America hangs in the balance. The elections in November next year will determine whether the United States continues down the road of authoritarian dynastic rule or reclaims the work of expanding and improving our democracy. Those are the choices.
That expansion was born out of the civil war, which left 1.2 million dead or wounded, but resulted in the 15th amendment, which made clear that the right to vote could not be denied or hampered because of “race, color, or previous condition of servitude.” The subsequent struggles led to women’s right to vote, opening the franchise to those 18 and over, and the “single most effective piece of civil rights legislation ever passed by Congress,” the Voting Rights Act, which protected the franchise from states with a demonstrated history of racial and linguistic discrimination.
But in 2013, the supreme court declared that racism was essentially a thing of the past and gutted the Voting Rights Act. The results have been calamitous. More than half the states passed a series of voter suppression laws that targeted minority voters, breached a key firewall that protected American democracy, and greased the pathway to install a man in the White House whose racism, greed, and unfitness for office was well known.

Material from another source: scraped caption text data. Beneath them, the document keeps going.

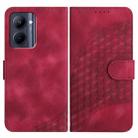 For Realme C33 2022 Global/2023 Global YX0060 Elephant Head Embossed Phone Leather Case with Lanyard(Rose Red) - 1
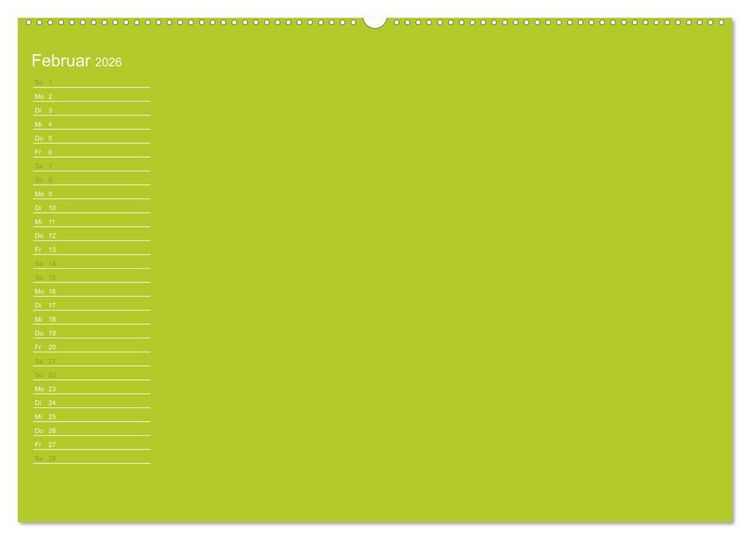 Produktbild: Bastel-Geburtstagskalender gr&uuml;n / Geburtstagskalender (Wandkalender 2026 DIN A2 quer), CALVENDO Monatskalender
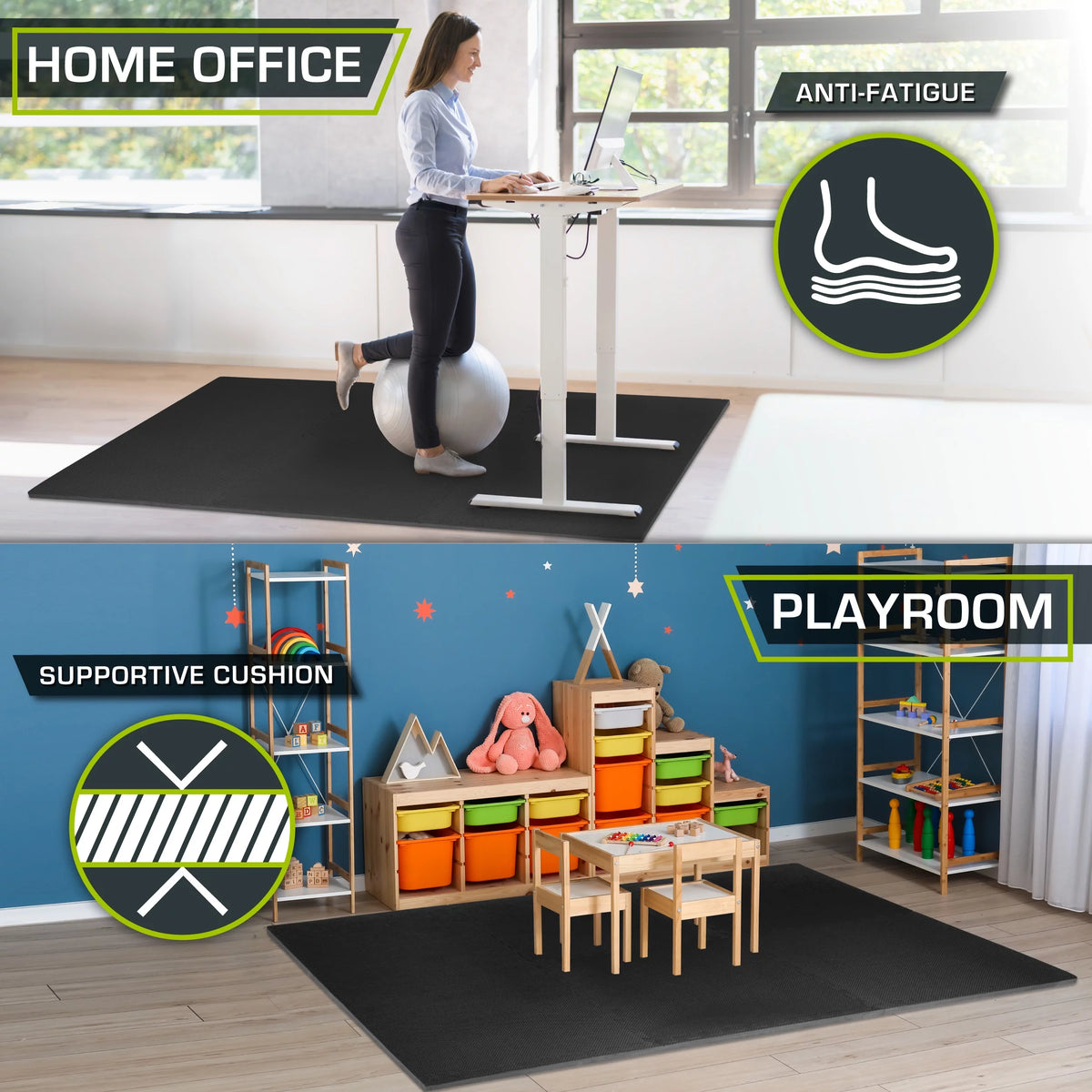 Extra Thick EVA Foam Exercise Mat D4186
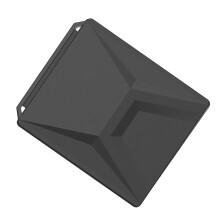 Shockproof Silicone Satellite Dish Protective Case for Outdoor Travel Black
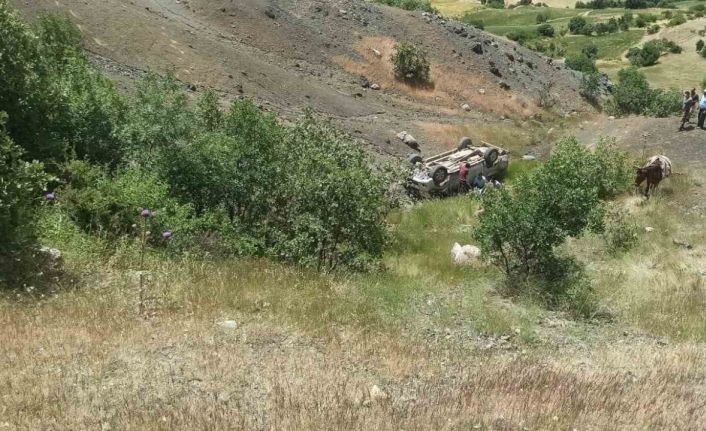 Siirt’te kamyonet takla attı, sürücü kazayı yara almadan atlattı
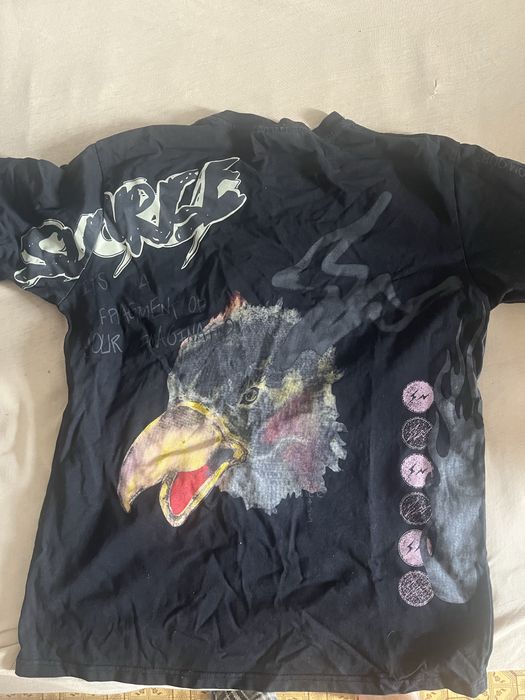 Travis Scott x Fragment Design футболка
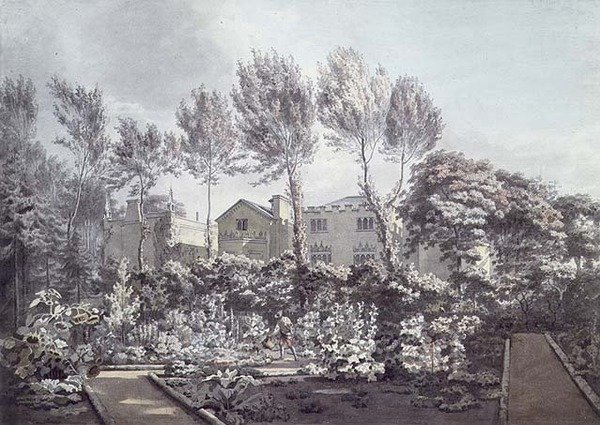 The Garden at Strawberry Hill, c.1780 by William Pars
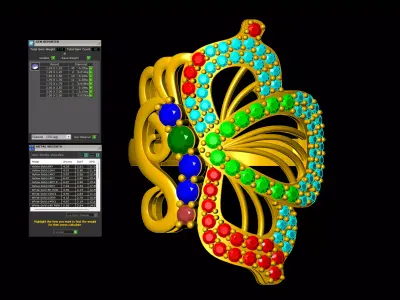 Fluttering Radiance Diamond Ring  3D print model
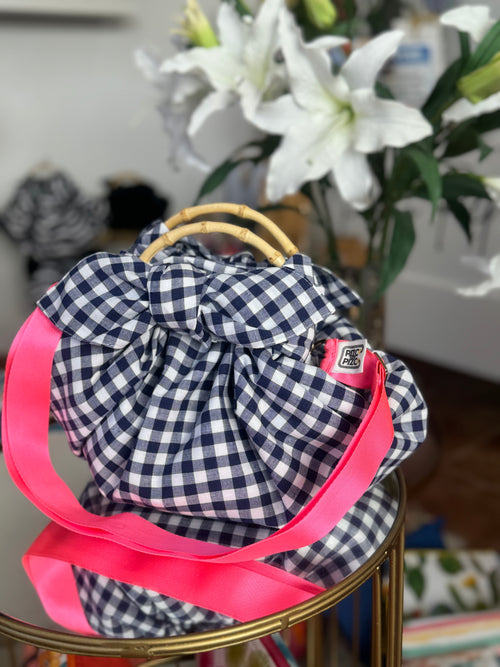 Bolso Nudo Japonés Azul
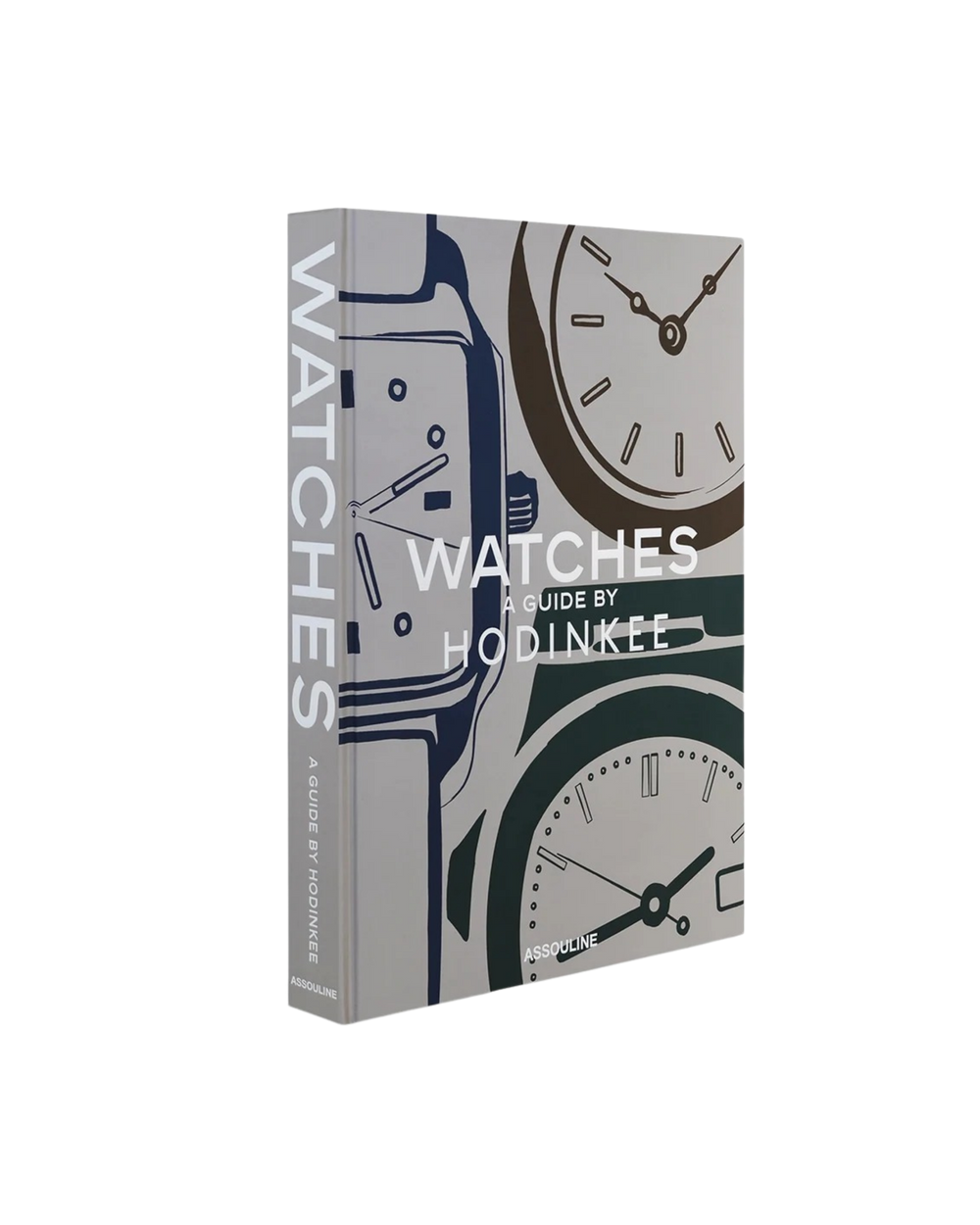 Guía de relojes Hodinkee de tapa dura, portada con ilustración de relojes y texto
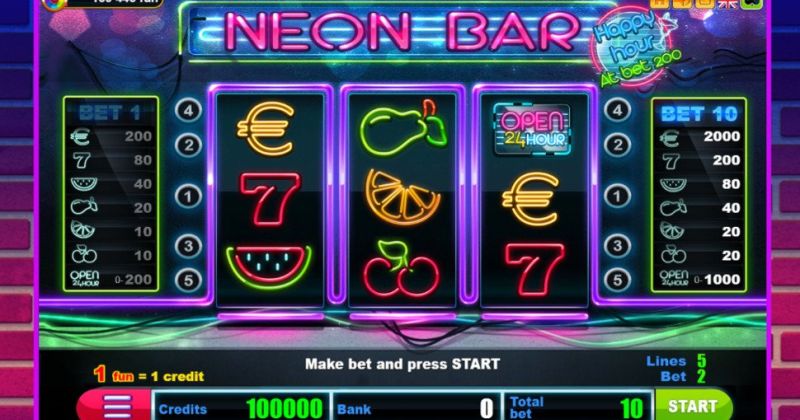 Play in Neon Bar Slot Online from Belatra for free now | Casino-online-brazil.com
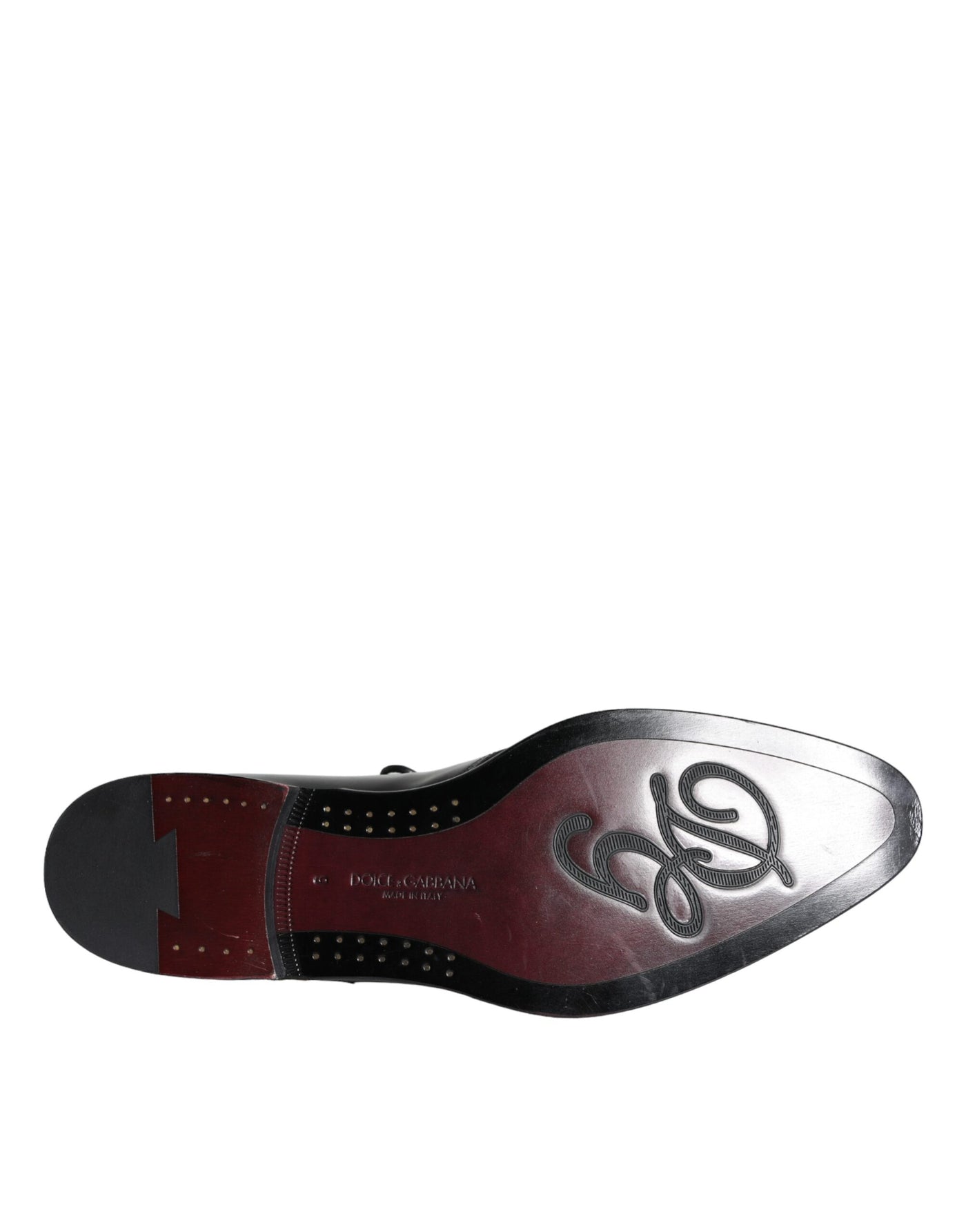 Dolce &amp; Gabbana Zwarte Kalfsleren Derby Herenschoenen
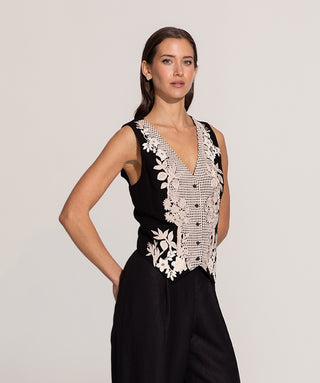 Black alina waistcoat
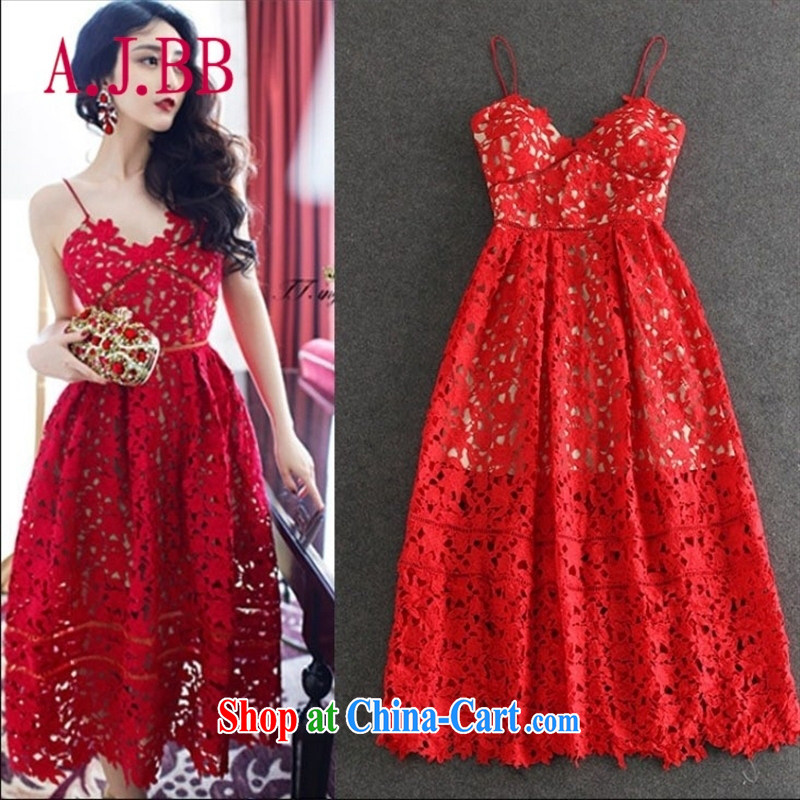 With vPro heartrendingly costumes and stylish water-soluble take small dress straps appearances dress red toast clothing 132 red L, A . J . BB, shopping on the Internet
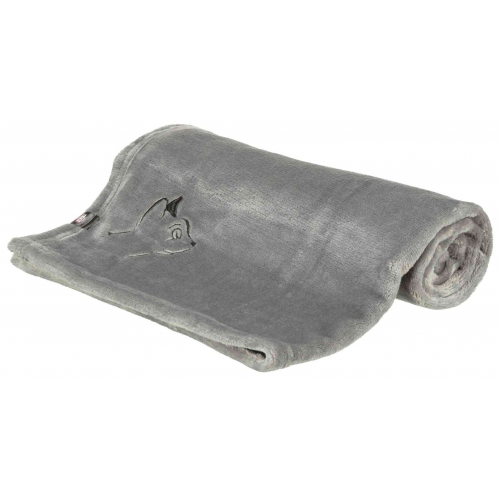 Plyšová deka NILAY pro alergiky, 90 x 70 cm, šedá
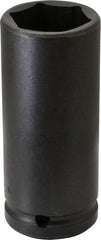 Proto - 3/4" Drive 1-1/4" Deep Thin Wall Impact Socket - 6 Points, 4" OAL - Exact Tooling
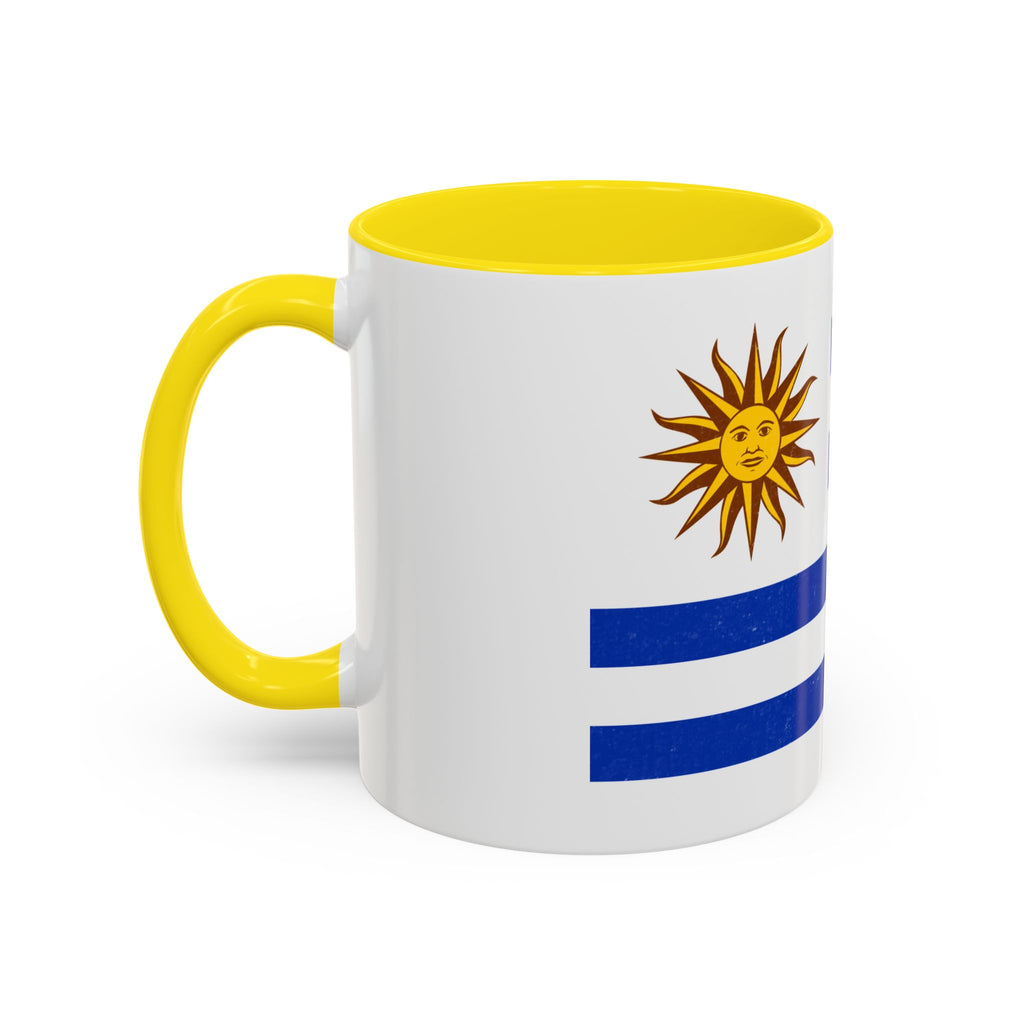 Uruguay Flag Accent Coffee Mug – Blue Stripes with Sun of May, 11oz & 15oz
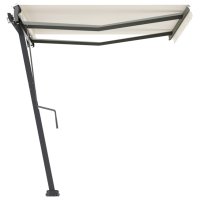 vidaXL Standmarkise Automatisch 300x250 cm Creme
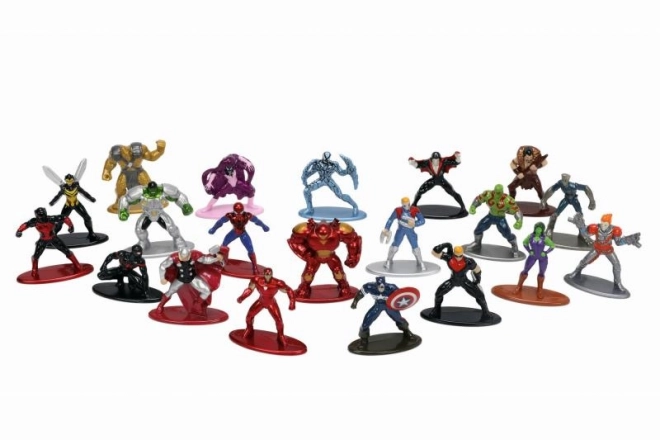 Metalowe Nano figurki kolekcjonerskie od Marvel 20 szt.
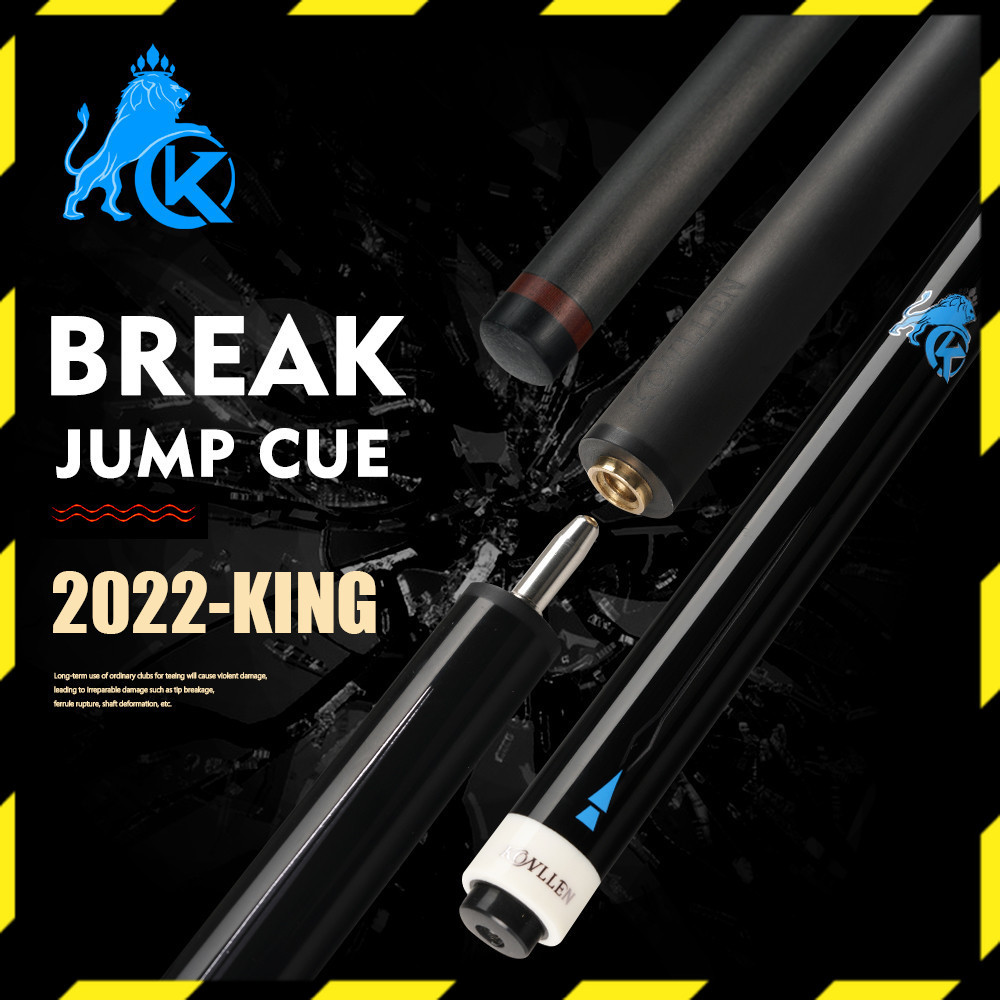 KONLLEN Cue 3 Pieces Punch Jump Cue Carbon Fiber Black Technology 12.9mm Uniloc Joint Professional B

What’s become clear over the course of three harrowing years is that the only real effective throttle that has slowed down the nation’s descent into authoritarian rule has been the throng of engaged, determined voters. The turnout in the 2018 midterm election, the highest since 1914, aided by a massive effort of civil rights organizations, was so overwhelming that control of the House of Representatives flipped to the Democrats and accountability finally began to creep back into the political landscape. As Benjamin Wittes, senior fellow in governance at the Brookings Institution, wrote: “The last line of defense against a lawless, oathless president is the electoral process.”